━━━━━ INFORMATION SUPPLIED ━━━━━

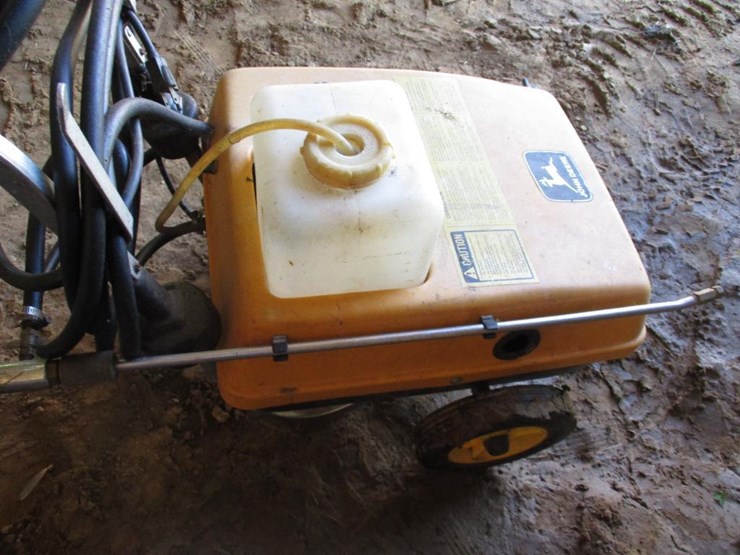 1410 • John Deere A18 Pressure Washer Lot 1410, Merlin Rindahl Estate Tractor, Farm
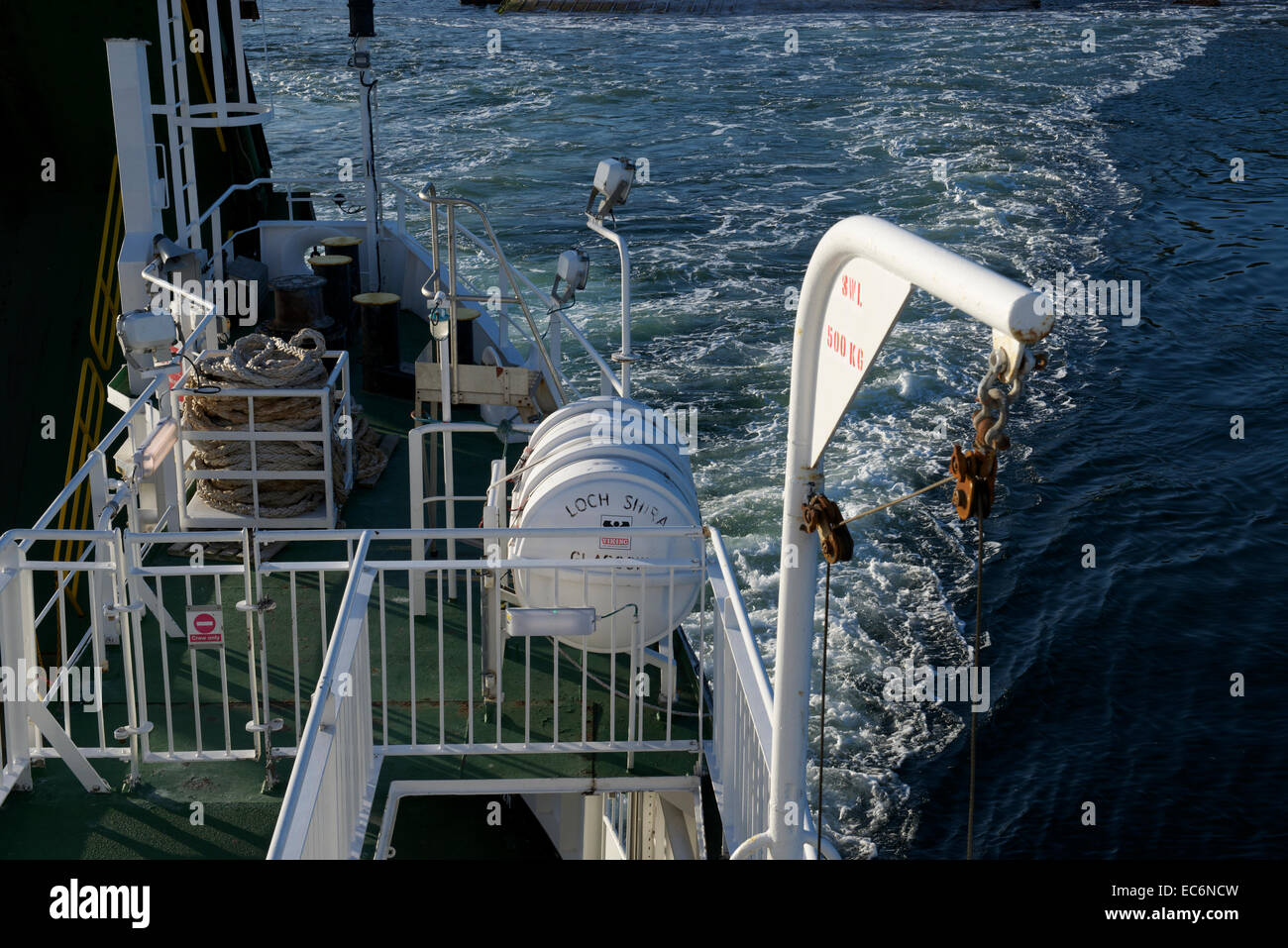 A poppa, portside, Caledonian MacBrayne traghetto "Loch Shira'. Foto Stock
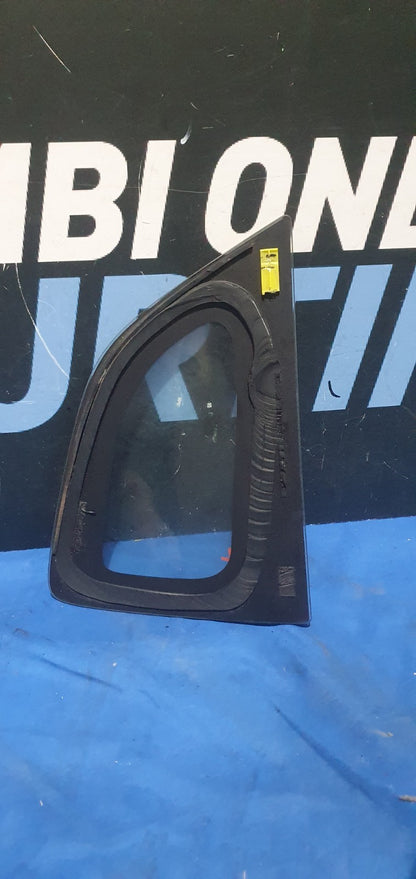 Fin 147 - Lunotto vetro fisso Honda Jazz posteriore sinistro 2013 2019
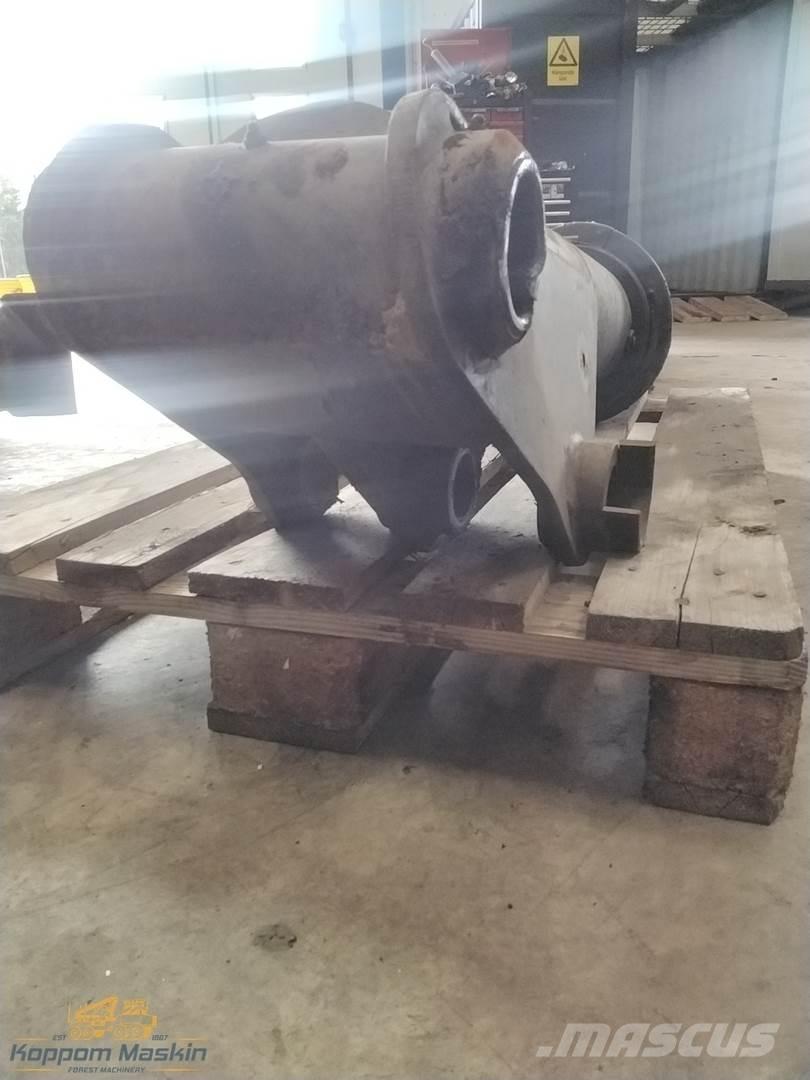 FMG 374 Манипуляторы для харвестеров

━━━━━

THE PROBLEM: The whole listing above, line by line, needs to be copied exactly, except for any images.

RESULT:
 1410 • John Deere A18 Pressure Washer Lot 1410, Merlin Rindahl Estate Tractor, Farm
 A poppa, portside, Caledonian MacBrayne traghetto "Loch Shira'. Foto Stock
 Fin 147 - Lunotto vetro fisso Honda Jazz posteriore sinistro 2013 2019
 FMG 374 Манипуляторы для харвестеров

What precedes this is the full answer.